◆ Material provided:
- - -

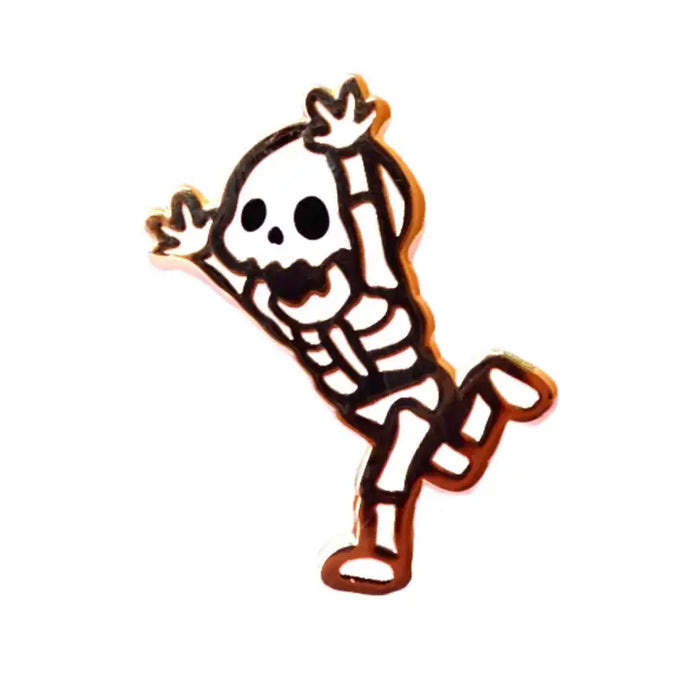 Running Skeleton Enamel Pin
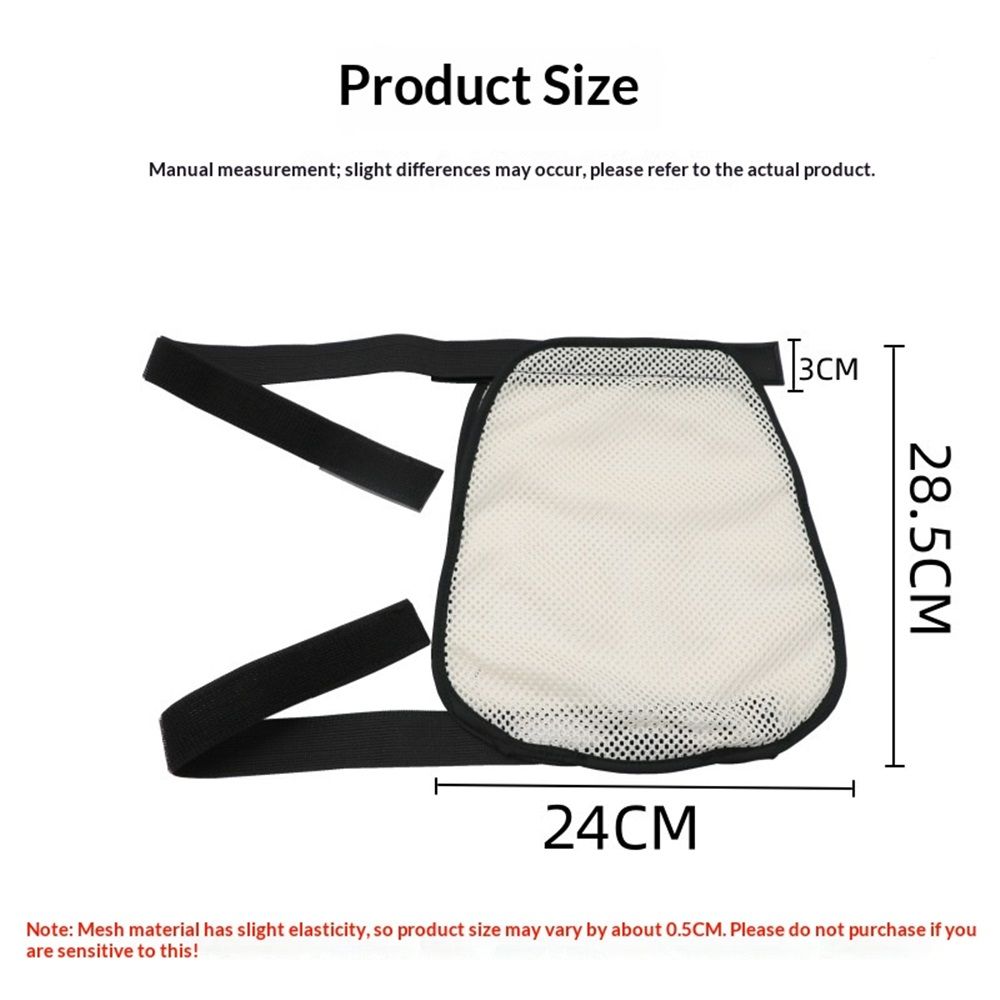Leg Bag Mesh Holder with Pocket - Catheter Stabilizer for Men & Women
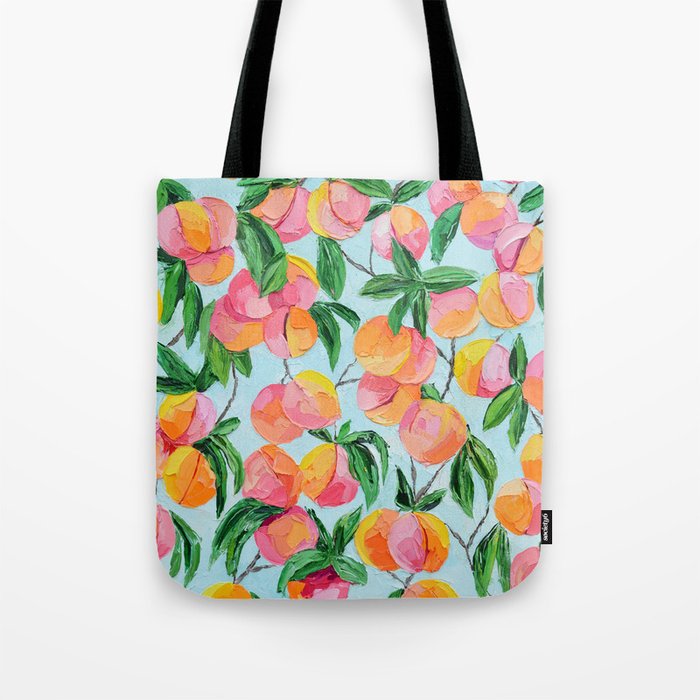 Peach Garden Tote Bag Gallery Image 1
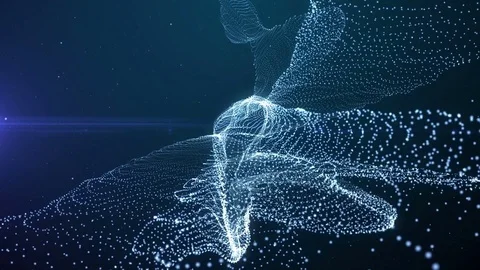 Particles Background Stock Footage 77280652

- - -

◆ What needs to be done: Retype each line above exactly. Leave the images out.

◆ Answer box:
 Running Skeleton Enamel Pin
Leg Bag Mesh Holder with Pocket - Catheter Stabilizer for Men & Women
 Peach Garden Tote Bag Gallery Image 1
 Particles Background Stock Footage 77280652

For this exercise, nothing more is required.